本研究成果は、がん転移における血管内浸潤とCTCクラスター形成という転移初期の現象を、空間的に制御されたチップ上で可視化・定量化することに成功した点で、がん転移メカニズムの理解に新たな知見を提供する重要な成果です。将来的には、CTCクラスターの形成を防ぐ分子標的薬の開発や、転移抑制に向けた薬剤スクリーニングへの応用が期待されます。また、本in vitroシステムは、がん研究にとどまらず、血管機能異常の解析や免疫細胞の浸潤動態の評価など、多様な細胞間相互作用研究への展開も期待されます。
図2:がん-微小血管モデルにおけるTGF-β阻害実験。
TGF-β阻害剤処理により転移性AKTP細胞集団における浸潤突起形成の抑制と血管構造の維持が確認された。
図3:本研究成果の模式図。
(左)転移性がん細胞集団(AKTP細胞)はEndoMTを誘導し、血管を乗っ取りCTCクラスターを放出する。
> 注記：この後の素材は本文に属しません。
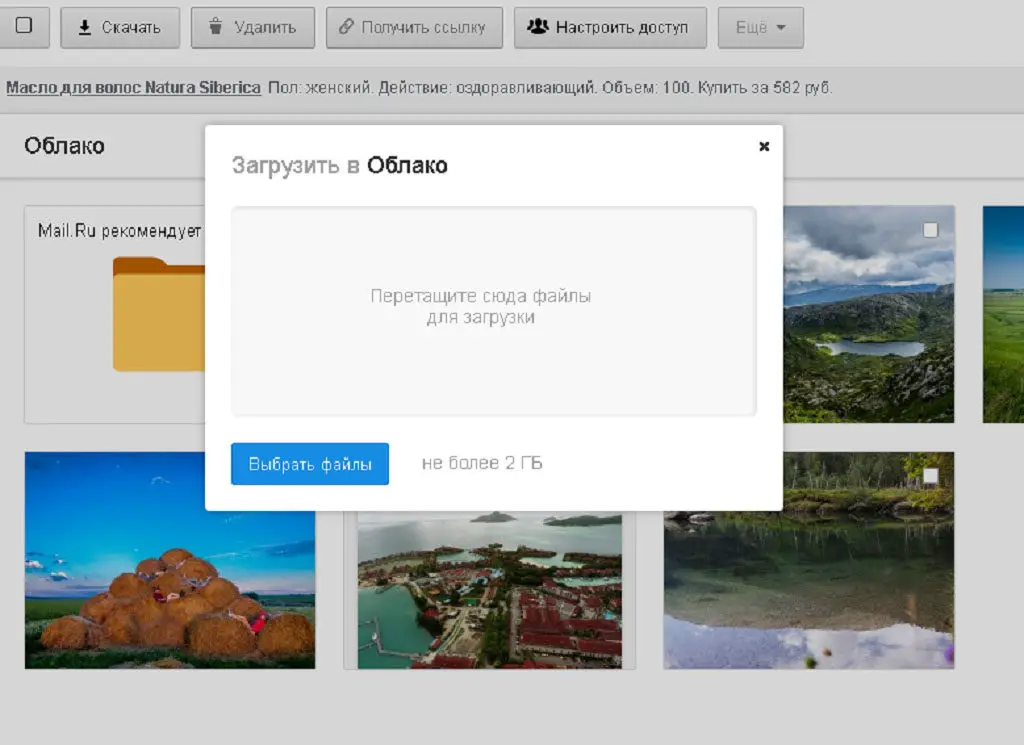 Облачное хранилище Облако Mail.ru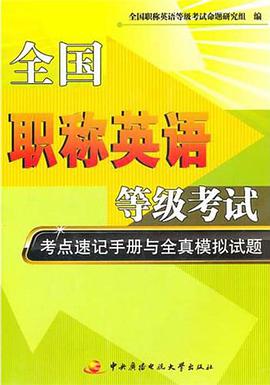 全国职称英语等级考试考点速记手册与全真模拟试题 pdf epub mobi 电子书 下载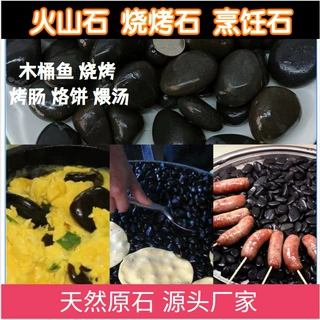 鹅卵石火山石保温石头食用耐高温木桶鱼烧烤加热黑色石子厂家贸易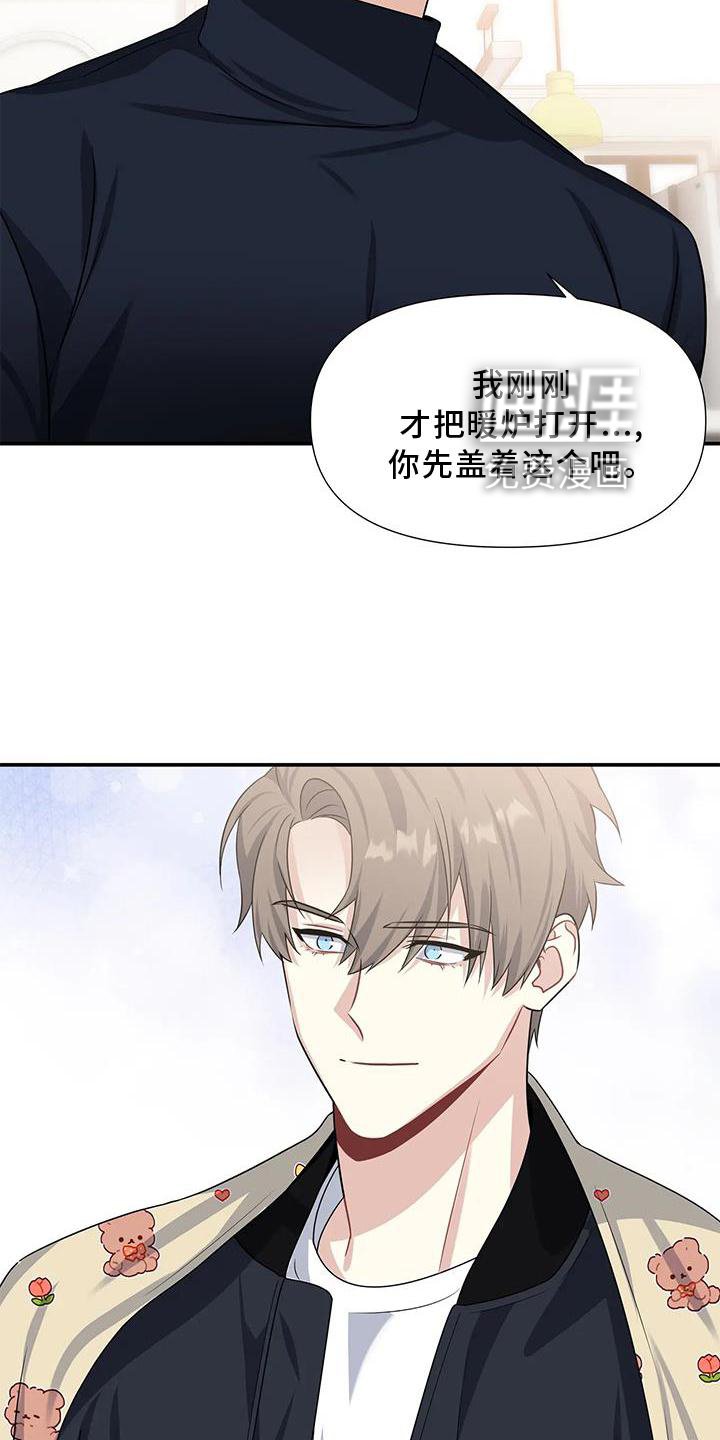 第19章：权利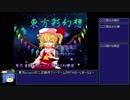 【ゆっくり解説】東方彩幻想ゲームクリアRTA 34分18秒 part1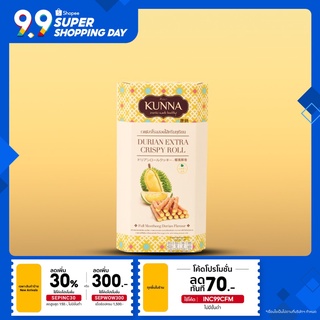 เวเฟอร์โรลสอดไส้ครีมทุเรียน 70 กรัม แบรนด์ Kunna (คันนา)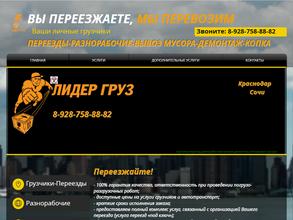 ЛидерГруз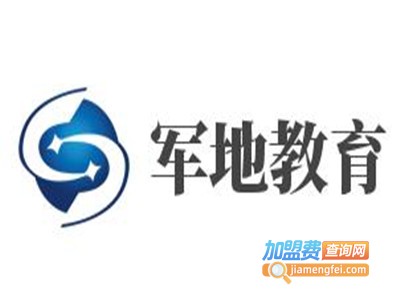 军地教育加盟费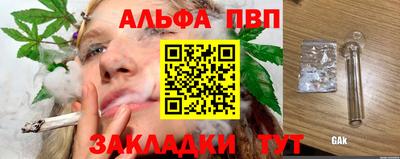 спайс Краснодар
(右)がん細胞集団が血管内皮細胞に作用し、血管内皮細胞側のTGF-βおよびActivinの発現上昇による、がん-血管相互作用による悪性化の連鎖が進行する。
○発表者・研究者等情報:
東京大学
生産技術研究所
池田 行徳 博士課程(研究当時)
近藤 誠 助教
ポティ ジョリス 特任研究員(研究当時)
松永 行子 教授
金沢大学
がん進展制御研究所
大島 浩子 准教授
ワン ドン 助教
コク サウ JSPS外国人特別研究員(研究当時)
大島 正伸 教授
東京科学大学
大学院医歯学総合研究科
高橋 和樹 助教
渡部 徹郎 教授
杏林大学
医学部
末弘 淳一 助教
櫻井 裕之 教授
○論文情報:
〈雑誌名〉iScience
〈題名〉A tumor-microvessel on-a-chip reveals a mechanism for cancer cell cluster intravasation
〈著者名〉Yukinori Ikeda✝, Makoto Kondo✝, Jun-ichi Suehiro, Hiroko Oshima, Sau Yee Kok, Kazuki Takahashi, Joris Pauty, Dong Wang, Hiroyuki Sakurai, Tetsuro Watabe, Masanobu Oshima*, Yukiko T Matsunaga* (*共同責任著者、✝共同筆頭著者)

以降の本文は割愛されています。